EXERCISE INPUTS
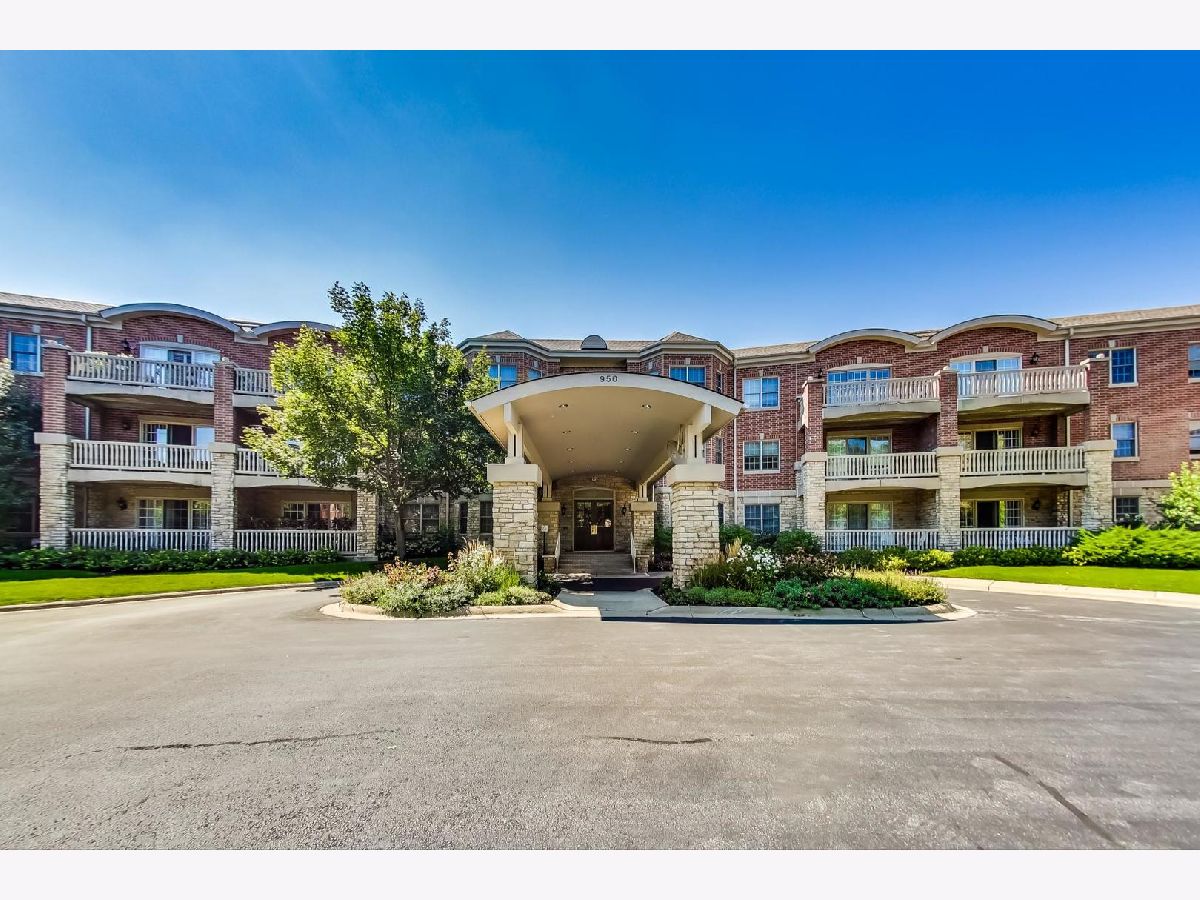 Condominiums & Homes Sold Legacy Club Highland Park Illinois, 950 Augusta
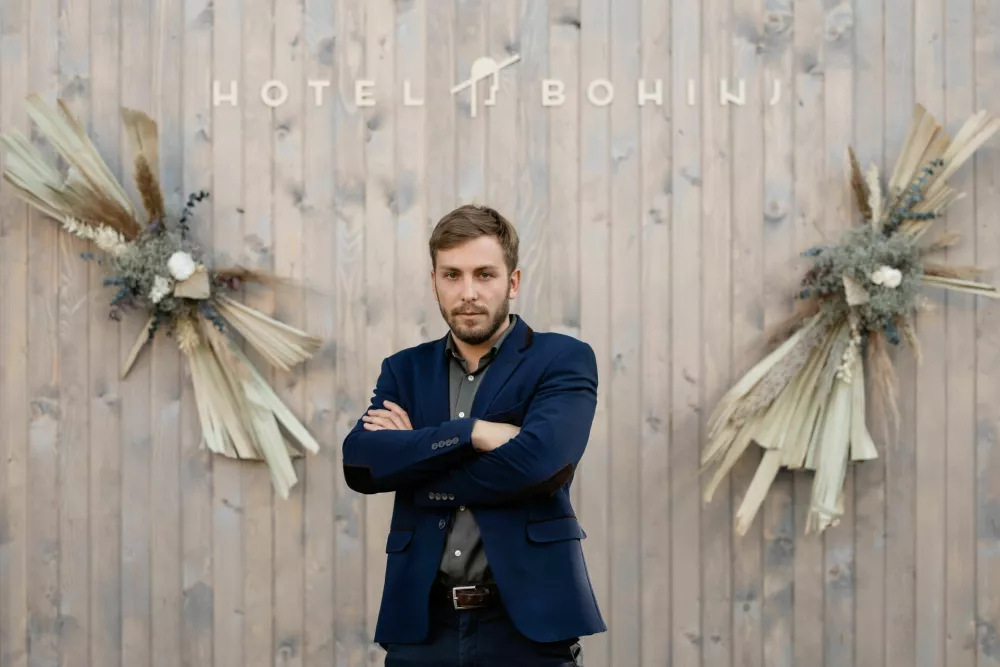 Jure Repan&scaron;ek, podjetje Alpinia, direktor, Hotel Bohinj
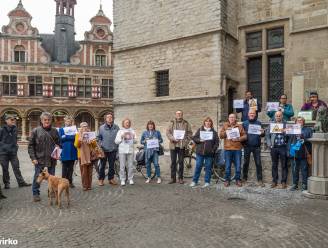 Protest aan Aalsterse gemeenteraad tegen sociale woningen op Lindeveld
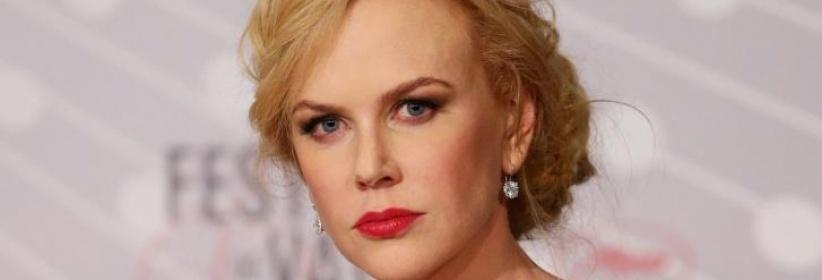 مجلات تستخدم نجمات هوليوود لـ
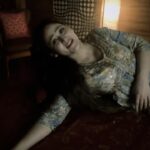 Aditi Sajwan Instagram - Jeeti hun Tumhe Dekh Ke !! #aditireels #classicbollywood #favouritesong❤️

WHAT NEEDS TO BE DONE
Omit every picture, then write out the entries above exactly.

OUTPUT BELOW
 Condominiums & Homes Sold Legacy Club Highland Park Illinois, 950 Augusta
 Jure Repan&scaron;ek, podjetje Alpinia, direktor, Hotel Bohinj
 Protest aan Aalsterse gemeenteraad tegen sociale woningen op Lindeveld
 مجلات تستخدم نجمات هوليوود لـ
 Aditi Sajwan Instagram - Jeeti hun Tumhe Dekh Ke !! #aditireels #classicbollywood #favouritesong❤️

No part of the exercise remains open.